• **Material for this exercise**:

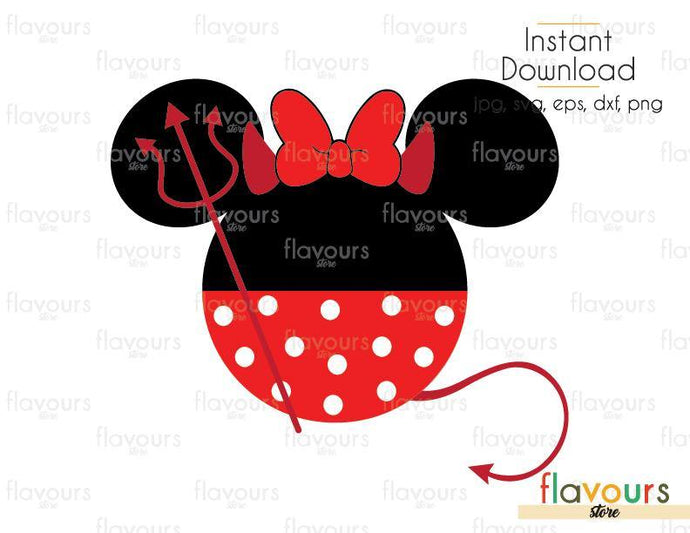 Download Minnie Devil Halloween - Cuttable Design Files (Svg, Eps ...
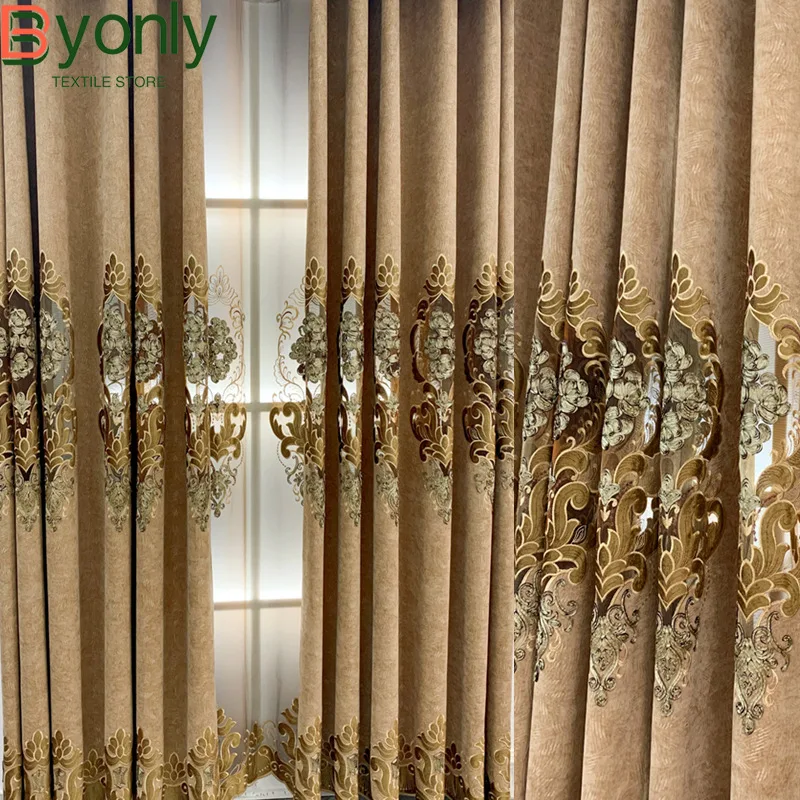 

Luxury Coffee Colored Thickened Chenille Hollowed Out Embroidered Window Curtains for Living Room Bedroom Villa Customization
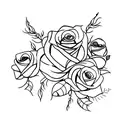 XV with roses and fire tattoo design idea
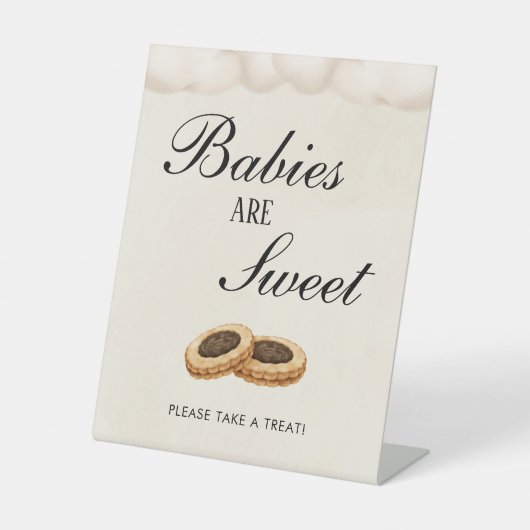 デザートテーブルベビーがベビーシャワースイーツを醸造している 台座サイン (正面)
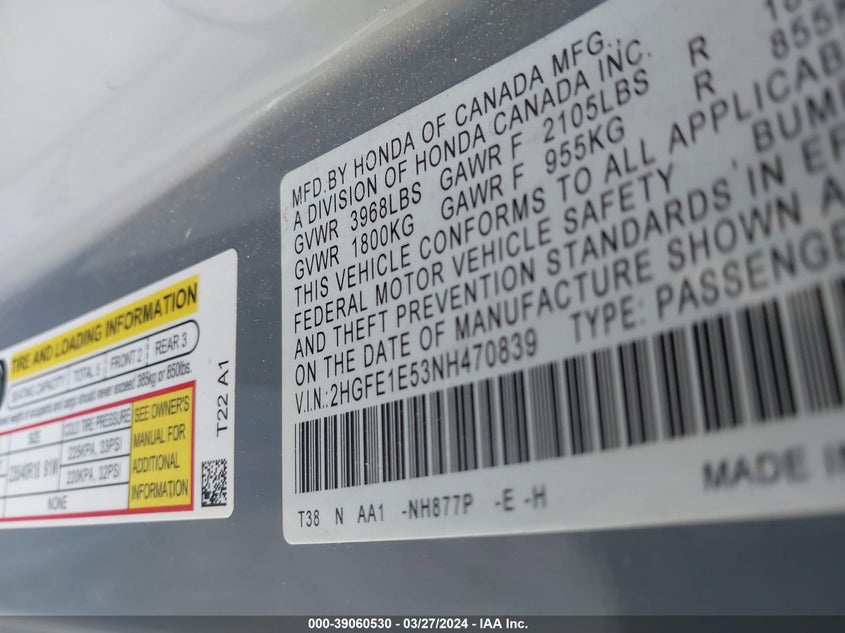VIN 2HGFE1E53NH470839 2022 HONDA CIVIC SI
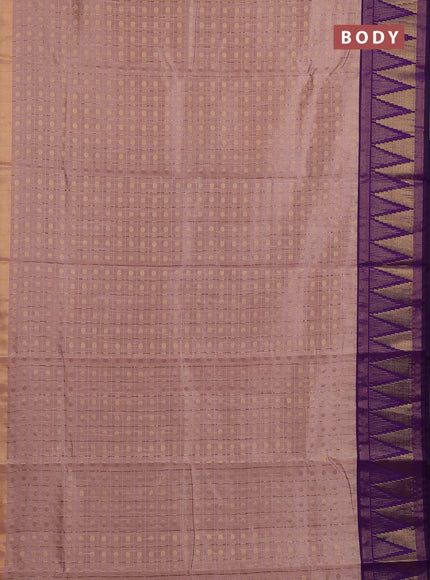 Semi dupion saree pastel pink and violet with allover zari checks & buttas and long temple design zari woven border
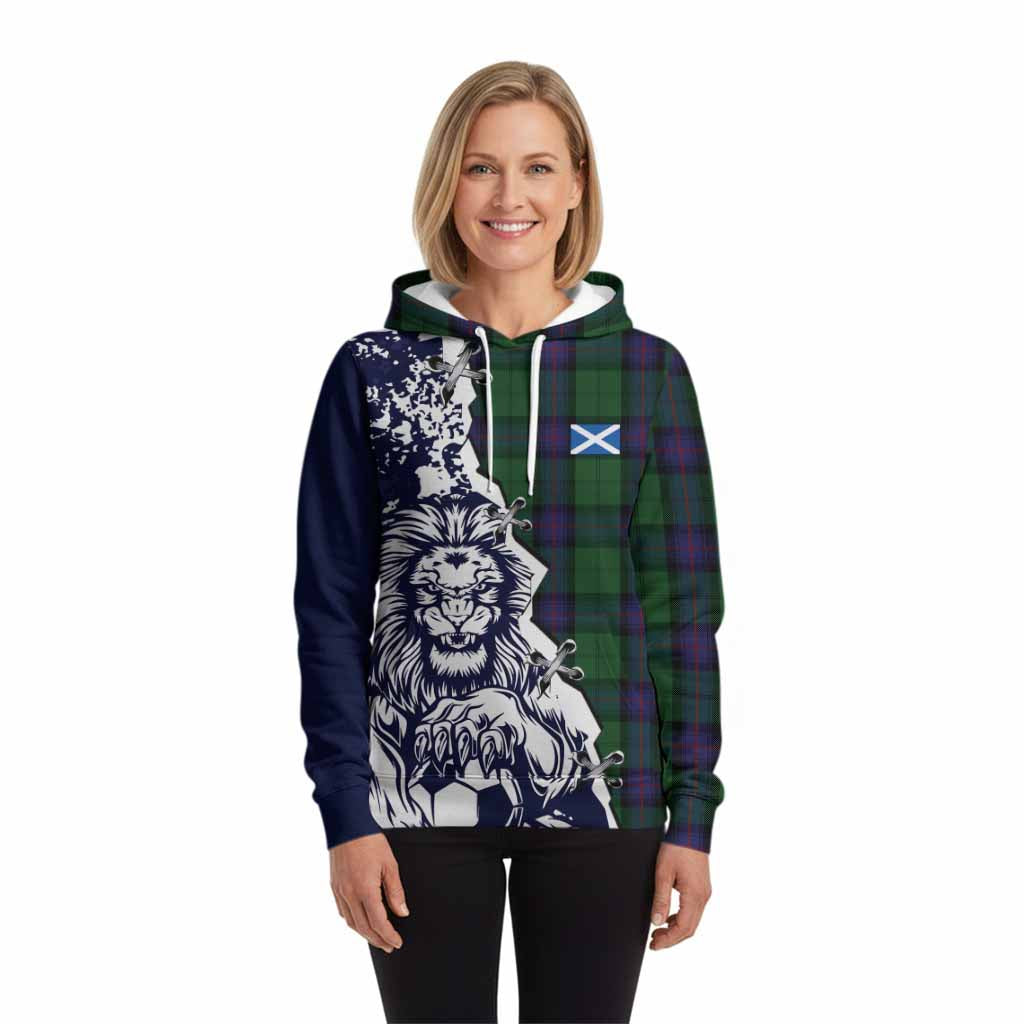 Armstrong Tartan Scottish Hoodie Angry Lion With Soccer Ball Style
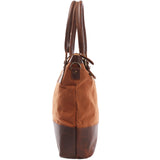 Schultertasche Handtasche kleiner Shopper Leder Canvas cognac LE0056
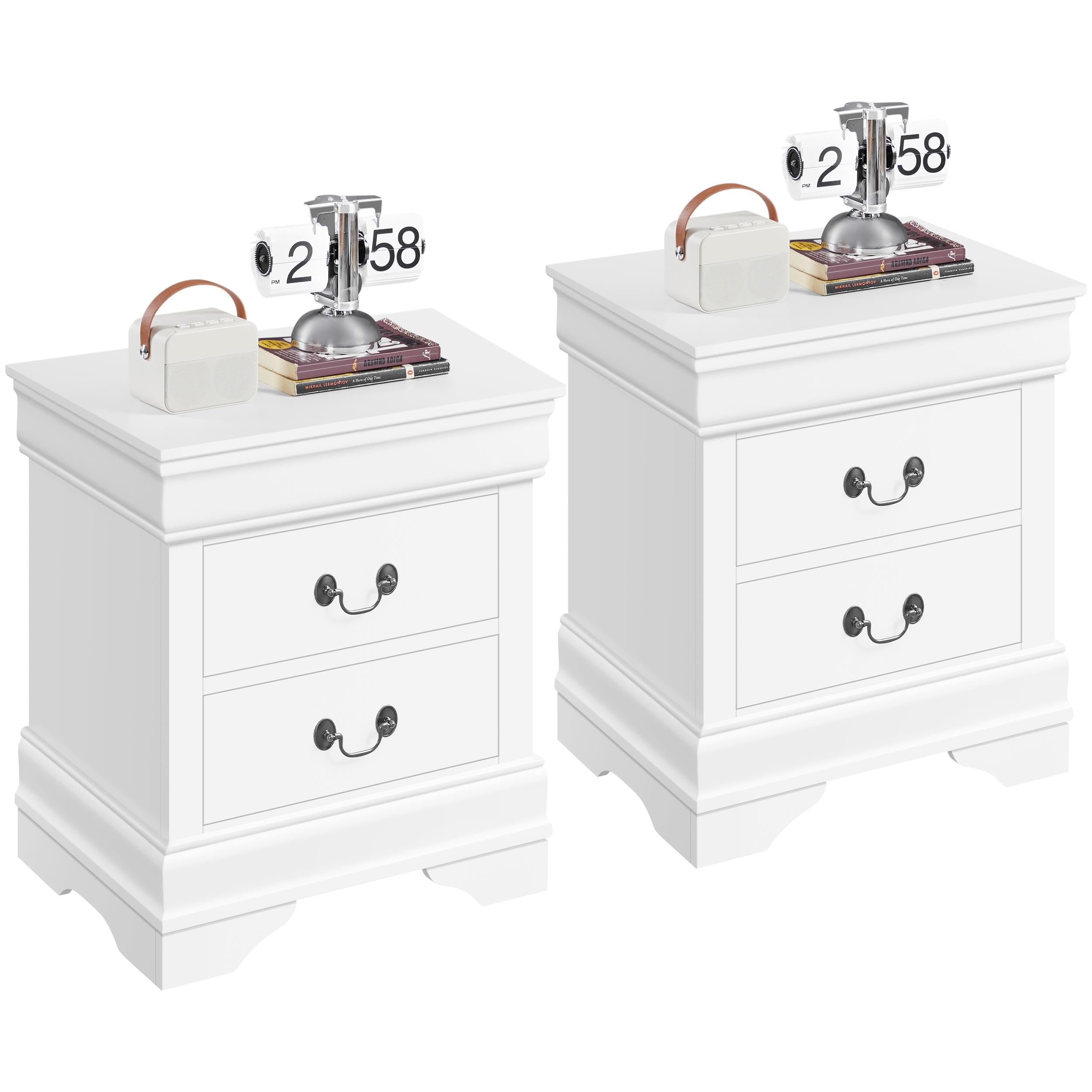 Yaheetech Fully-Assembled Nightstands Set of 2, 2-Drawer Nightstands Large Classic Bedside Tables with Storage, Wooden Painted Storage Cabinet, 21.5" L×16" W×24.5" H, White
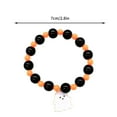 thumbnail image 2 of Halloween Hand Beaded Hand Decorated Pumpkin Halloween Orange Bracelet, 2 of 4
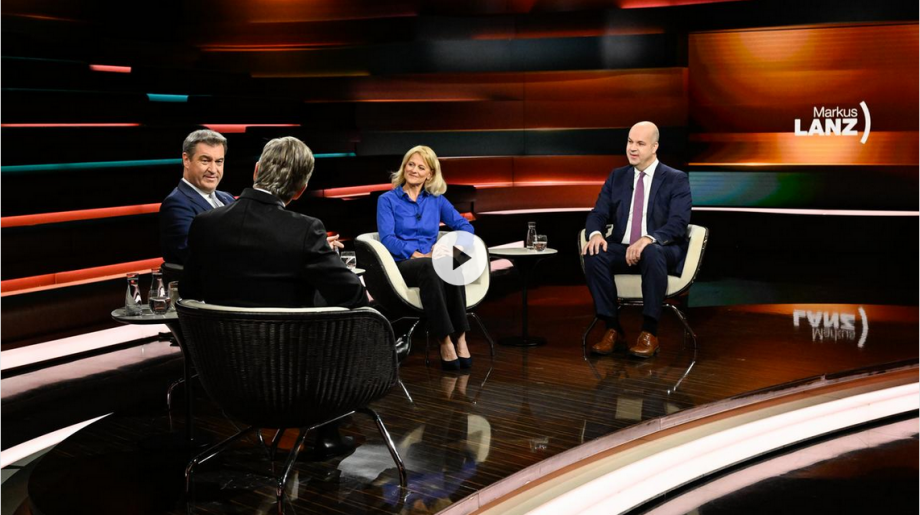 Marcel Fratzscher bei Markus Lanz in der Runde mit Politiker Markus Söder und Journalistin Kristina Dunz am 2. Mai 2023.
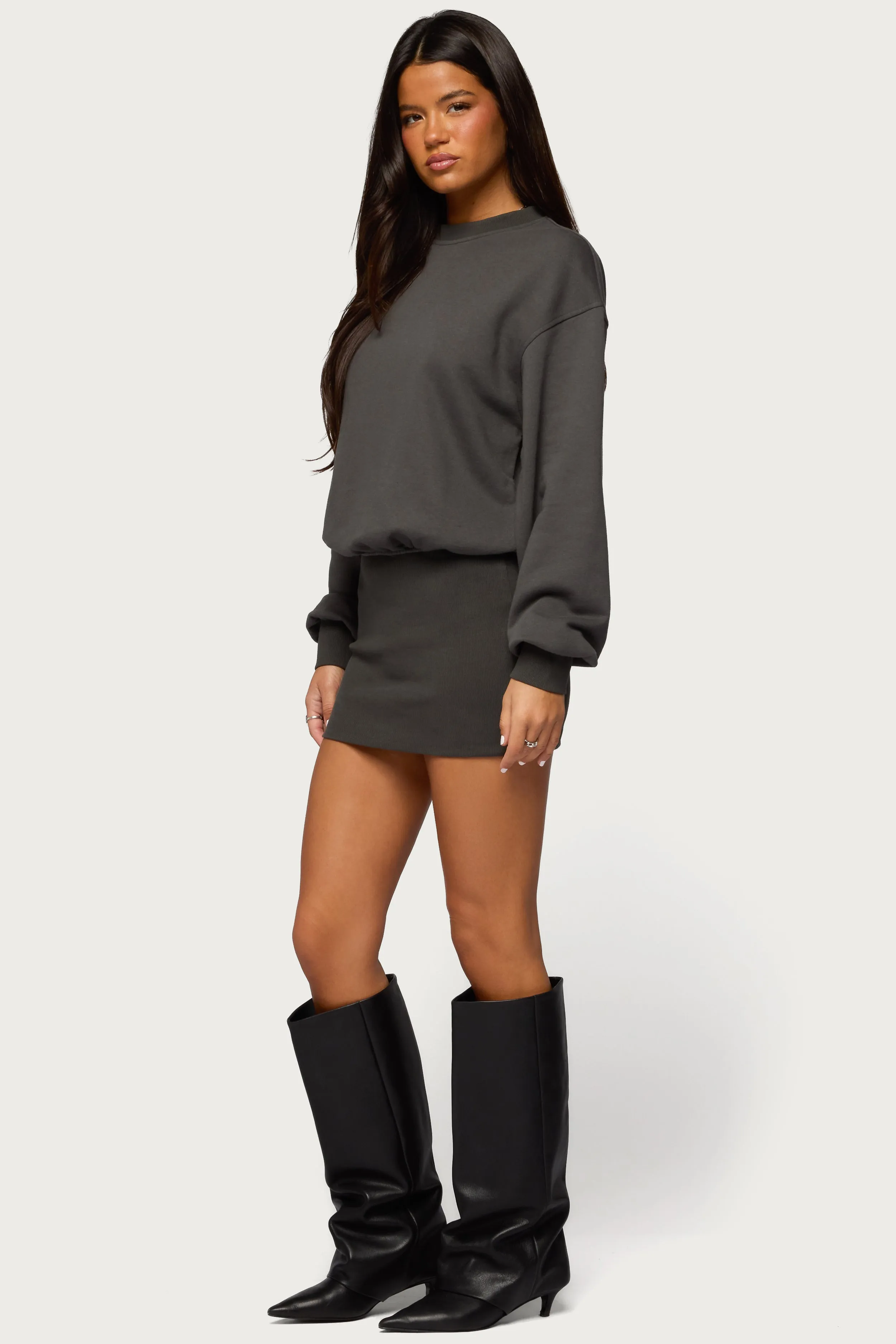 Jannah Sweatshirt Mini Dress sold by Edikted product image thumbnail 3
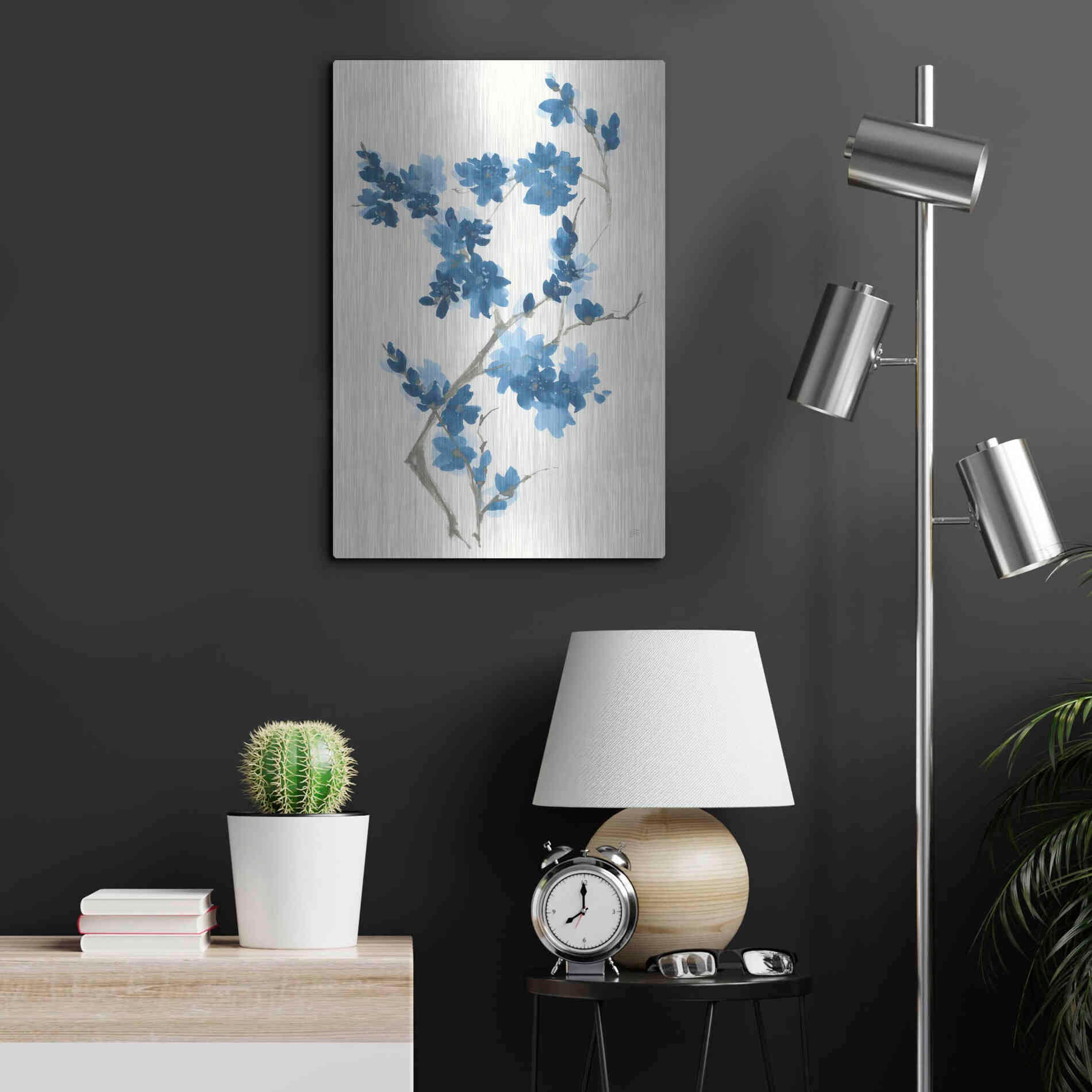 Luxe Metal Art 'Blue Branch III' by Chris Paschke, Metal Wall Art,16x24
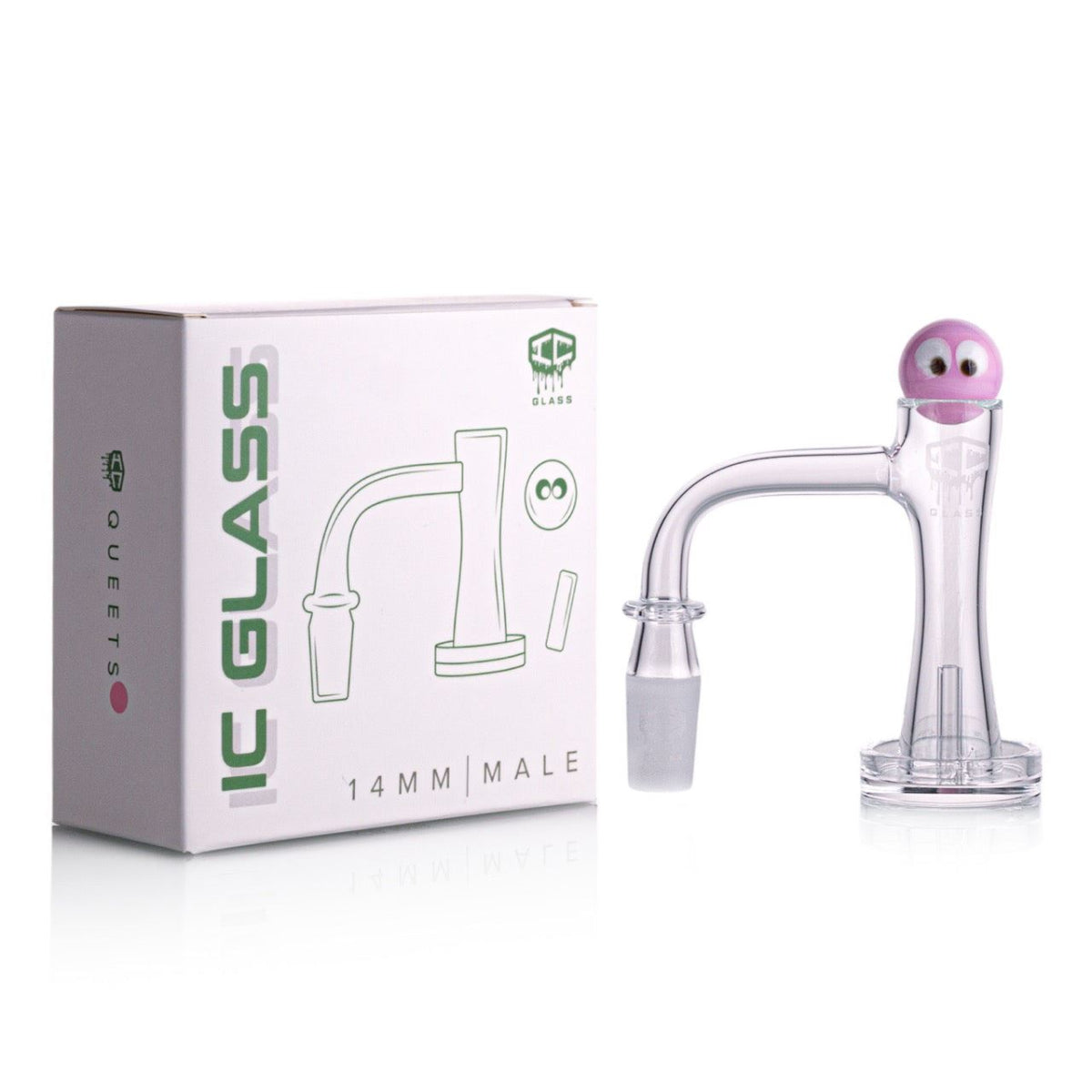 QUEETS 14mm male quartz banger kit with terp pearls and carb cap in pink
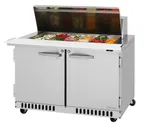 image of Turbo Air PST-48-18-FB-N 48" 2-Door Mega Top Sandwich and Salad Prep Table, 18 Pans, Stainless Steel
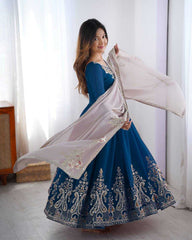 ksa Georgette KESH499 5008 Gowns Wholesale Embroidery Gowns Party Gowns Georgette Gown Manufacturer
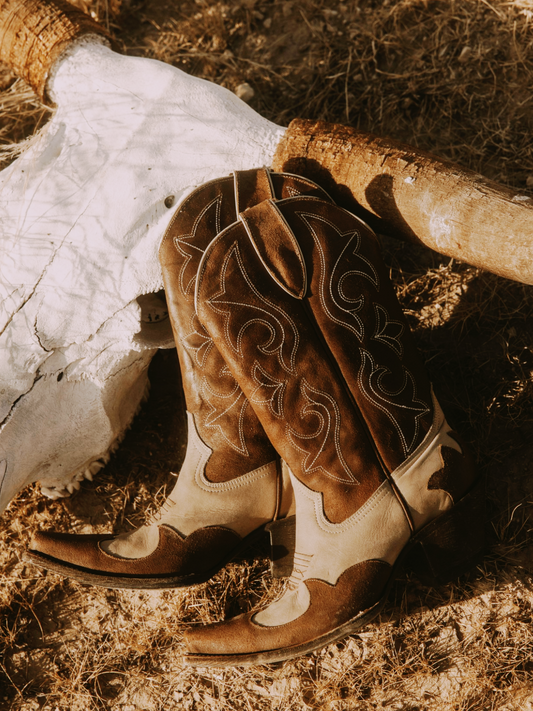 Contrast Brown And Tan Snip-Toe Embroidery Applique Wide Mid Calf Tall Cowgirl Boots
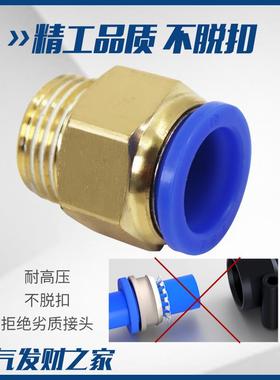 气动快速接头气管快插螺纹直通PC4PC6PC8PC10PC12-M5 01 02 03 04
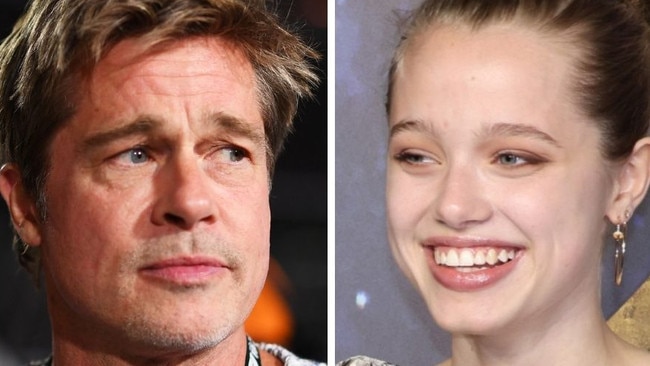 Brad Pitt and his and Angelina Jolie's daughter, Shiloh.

• **What to work on**:
The data must be reproduced exactly, and no picture may appear in the copy.

• **Answer to this task**:
 Download Minnie Devil Halloween - Cuttable Design Files (Svg, Eps ...

Luxury Coffee Colored Thickened Chenille Hollowed Out Embroidered Window Curtains for Living Room Bedroom Villa Customization
 XV with roses and fire tattoo design idea
 デザートテーブルベビーがベビーシャワースイーツを醸造している 台座サイン (正面)
VIN 2HGFE1E53NH470839 2022 HONDA CIVIC SI
 Semi dupion saree pastel pink and violet with allover zari checks & buttas and long temple design zari woven border
 Armstrong Tartan Scottish Hoodie Angry Lion With Soccer Ball Style
 Schultertasche Handtasche kleiner Shopper Leder Canvas cognac LE0056
 Yaheetech Fully-Assembled Nightstands Set of 2, 2-Drawer Nightstands Large Classic Bedside Tables with Storage, Wooden Painted Storage Cabinet, 21.5" L×16" W×24.5" H, White
 thumbnail image 2 of Halloween Hand Beaded Hand Decorated Pumpkin Halloween Orange Bracelet, 2 of 4
 Marcel Fratzscher bei Markus Lanz in der Runde mit Politiker Markus Söder und Journalistin Kristina Dunz am 2. Mai 2023.
 Jannah Sweatshirt Mini Dress sold by Edikted product image thumbnail 3
 Luxe Metal Art 'Blue Branch III' by Chris Paschke, Metal Wall Art,16x24
 QUEETS 14mm male quartz banger kit with terp pearls and carb cap in pink
 image of Turbo Air PST-48-18-FB-N 48" 2-Door Mega Top Sandwich and Salad Prep Table, 18 Pans, Stainless Steel
 ksa Georgette KESH499 5008 Gowns Wholesale Embroidery Gowns Party Gowns Georgette Gown Manufacturer
 Contrast Brown And Tan Snip-Toe Embroidery Applique Wide Mid Calf Tall Cowgirl Boots
 气动快速接头气管快插螺纹直通PC4PC6PC8PC10PC12-M5 01 02 03 04
 Brad Pitt and his and Angelina Jolie's daughter, Shiloh.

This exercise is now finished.